# ironstock



## Hauntiholik (Jul 13, 2005)

Here's the link with the information you desire:
http://www.theironkingdom.com/Ironstock/

There rates are listed with Pre-April and post-April. Check out the pre-registration link.


----------



## evilbike (Oct 26, 2005)

my link took you right to the prices of registration. We went last year and it was free. Was just wandering why there is a charge for general admission this year. We only go on the Saturday of the weekend


----------



## Dr Ghastly (Apr 13, 2005)

The reason for the fee is that the fairgrounds cost money to rent and there are a lot of other costs involved in putting it together. Ironman and his wife are charitable people, but there is only so much economic burden they should bear.

BTW, for anyone looking to stay in a hotel, the reserved block of rooms at the Ramada are already sold out and there is a waiting list. The Ramada is where you want to be.

However, you might try booking a room online instead of calling the local number (hint, hint).


----------



## Dr Ghastly (Apr 13, 2005)

BTW, IMHO, $10 is still a great deal, even for just one day.


----------



## Frighteners Entertainment (Mar 14, 2006)

Yes, $10 for one day or the whole weekend, including the seminars is Great!

You can't find a better way to spend the day.

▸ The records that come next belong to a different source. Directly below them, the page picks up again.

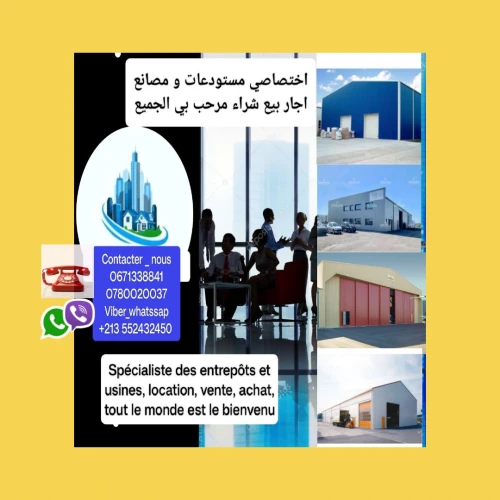 Location Hangar Blida Beni tamou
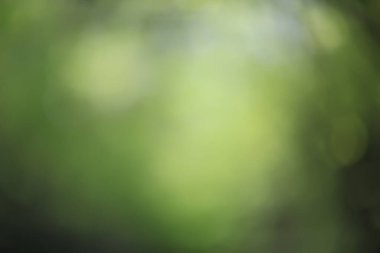 soyut yeşil yaz bokeh arkaplanı, gradyan görünüm sanat dokusu parıltısı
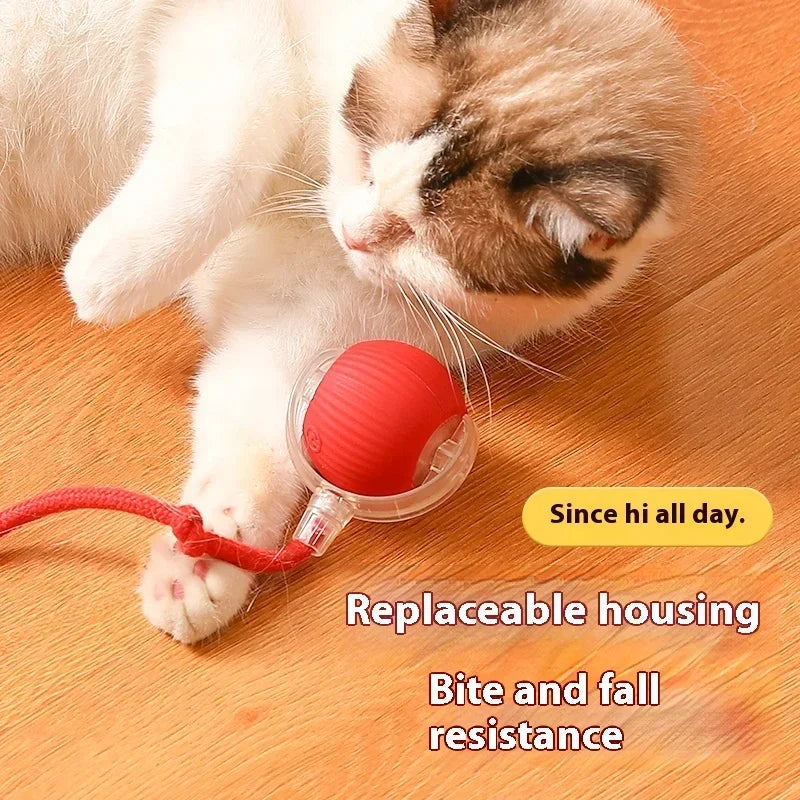 Funny Rechargeable Pet Ball Toy! (50% OFF Today)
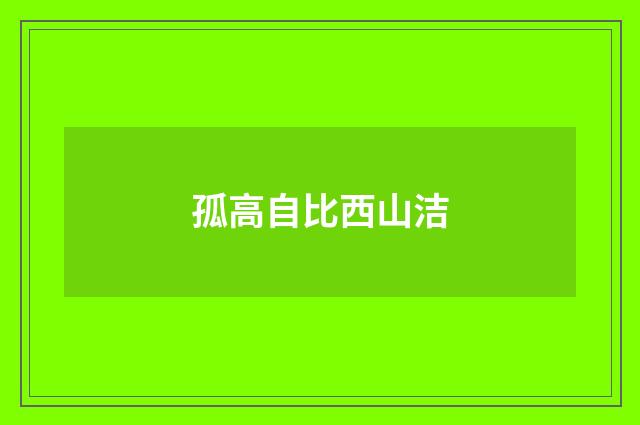 孤高自比西山洁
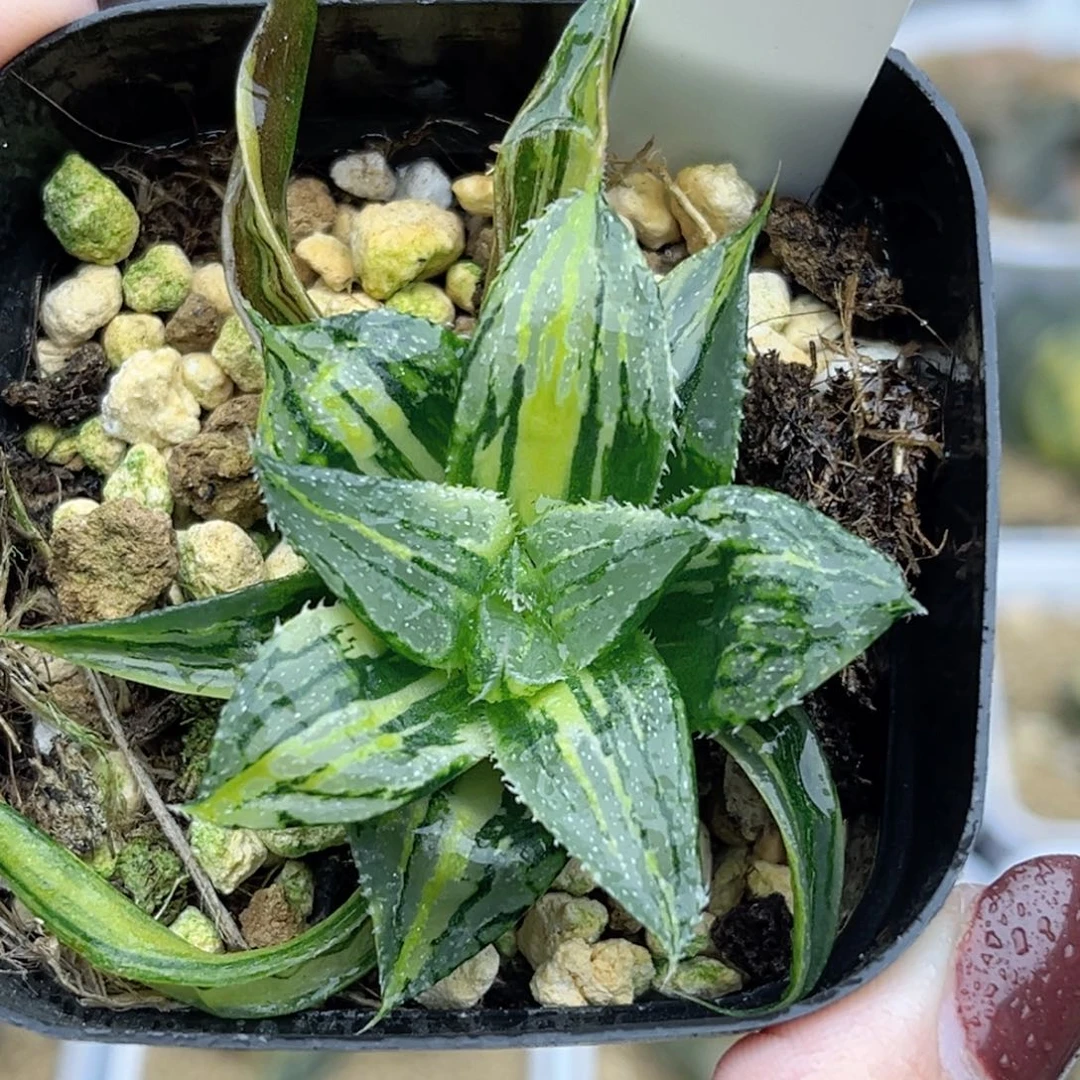 91小白鲨寿锦福利专场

Please stop by my booth and say Hi


----------



## turtle2778 (May 22, 2006)

You can still get rooms at the HOLIDAY INN but you have to say ur with ironstock. They had 20 left last night when i got mine. This will be my first IS and i plan on attending HauntX this Feb. Just the price itself was enought to get me to go. $10 is CHEAP. Im paying 50 for hauntx and having to fly out there and spend 100 bucks a night for the hotel. Im very happy there are places like IS to make halloween fun available for all budgets. THANKS IRONMAN


----------



## bodybagging (Nov 18, 2003)

Speaking of Seminars be sure to Catch Our Xtreme Haunt FX demo!!!!!!


----------



## IshWitch (May 19, 2006)

The all inclusive ticket for Hauntcon this year is $200! I know that is for complete VIP privileges, but even at their regular rate for the weekend, this is a steal!

Hmmmmm, planned on going to Hauntcon but didn't consider Ironstock, I will have to go check it out. I don't know how many trips I can fit into this year!
But I'm gonna try!


----------